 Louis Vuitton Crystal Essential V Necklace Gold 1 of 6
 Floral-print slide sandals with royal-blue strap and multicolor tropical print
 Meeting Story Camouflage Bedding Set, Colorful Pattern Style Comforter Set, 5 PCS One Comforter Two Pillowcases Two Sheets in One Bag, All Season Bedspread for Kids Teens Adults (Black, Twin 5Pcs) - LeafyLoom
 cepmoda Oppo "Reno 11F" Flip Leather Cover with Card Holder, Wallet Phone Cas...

+++

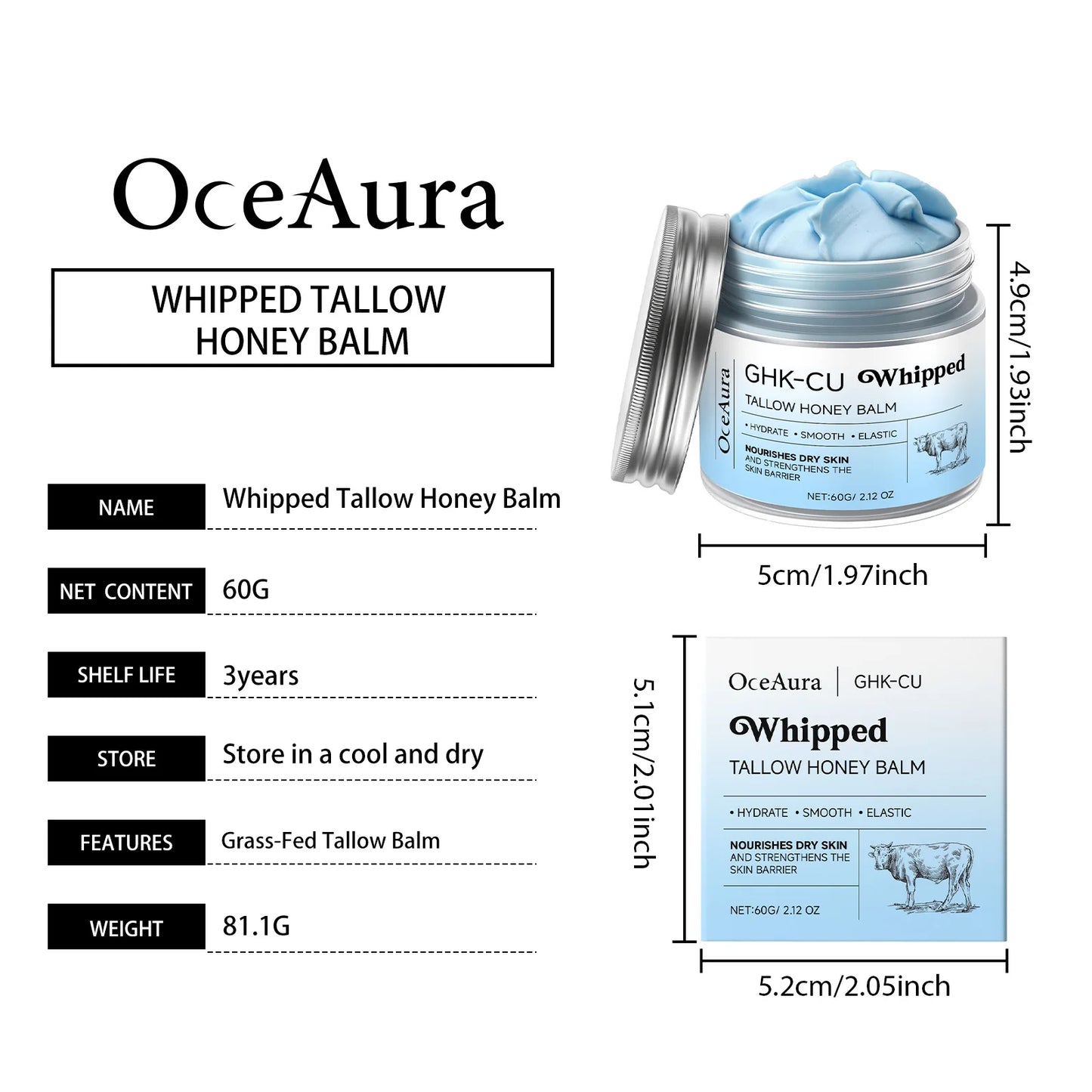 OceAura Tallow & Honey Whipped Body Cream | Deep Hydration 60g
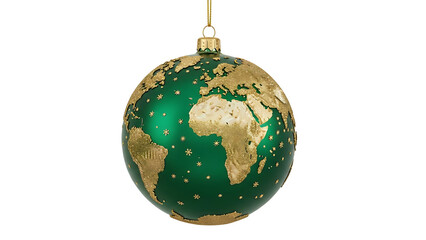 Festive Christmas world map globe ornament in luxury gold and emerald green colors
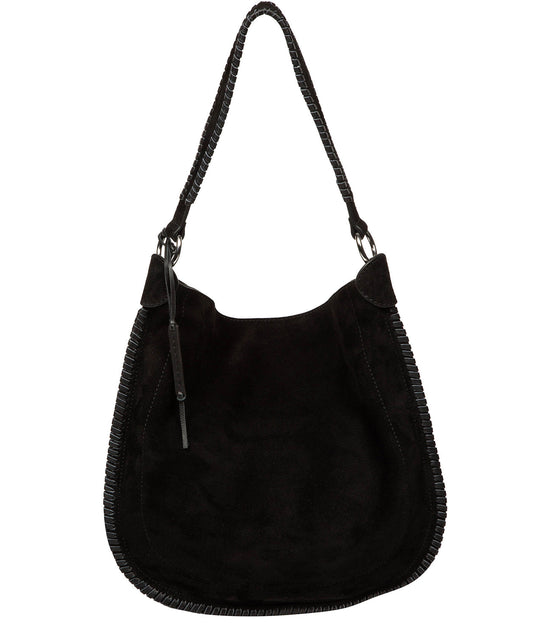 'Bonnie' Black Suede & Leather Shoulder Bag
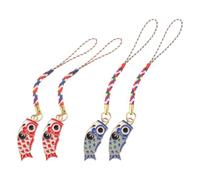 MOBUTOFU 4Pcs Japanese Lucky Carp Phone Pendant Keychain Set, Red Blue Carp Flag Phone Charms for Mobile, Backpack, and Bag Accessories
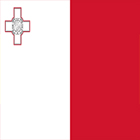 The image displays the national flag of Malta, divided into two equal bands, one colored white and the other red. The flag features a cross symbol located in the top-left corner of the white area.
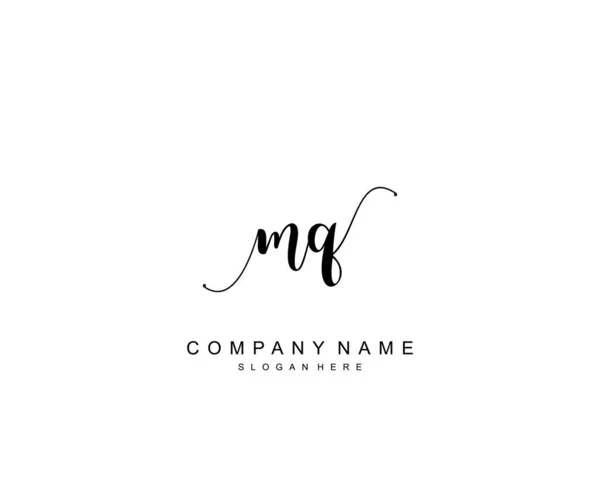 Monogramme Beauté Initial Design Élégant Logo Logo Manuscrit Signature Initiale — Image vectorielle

+++

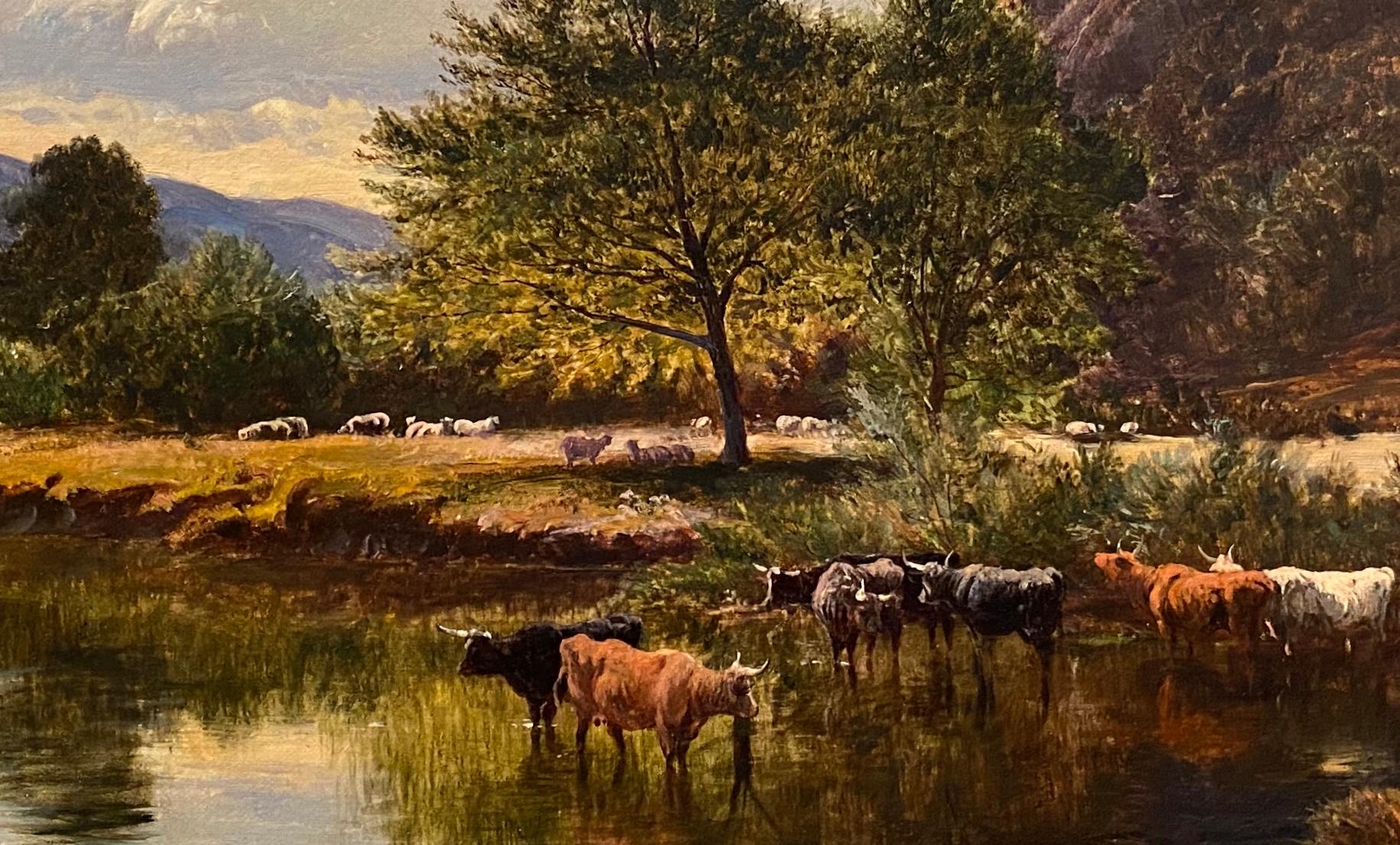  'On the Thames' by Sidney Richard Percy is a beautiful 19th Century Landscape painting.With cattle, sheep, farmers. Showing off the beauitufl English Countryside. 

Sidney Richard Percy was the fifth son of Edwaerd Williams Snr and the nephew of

+++

# Problem statement
Go to the line with "Floral-print slide sandals" in the entries above and repeat every line from there through the line with "Wallet Phone Cas...", exactly and with no other text.

# Solution below
 Floral-print slide sandals with royal-blue strap and multicolor tropical print
 Meeting Story Camouflage Bedding Set, Colorful Pattern Style Comforter Set, 5 PCS One Comforter Two Pillowcases Two Sheets in One Bag, All Season Bedspread for Kids Teens Adults (Black, Twin 5Pcs) - LeafyLoom
 cepmoda Oppo "Reno 11F" Flip Leather Cover with Card Holder, Wallet Phone Cas...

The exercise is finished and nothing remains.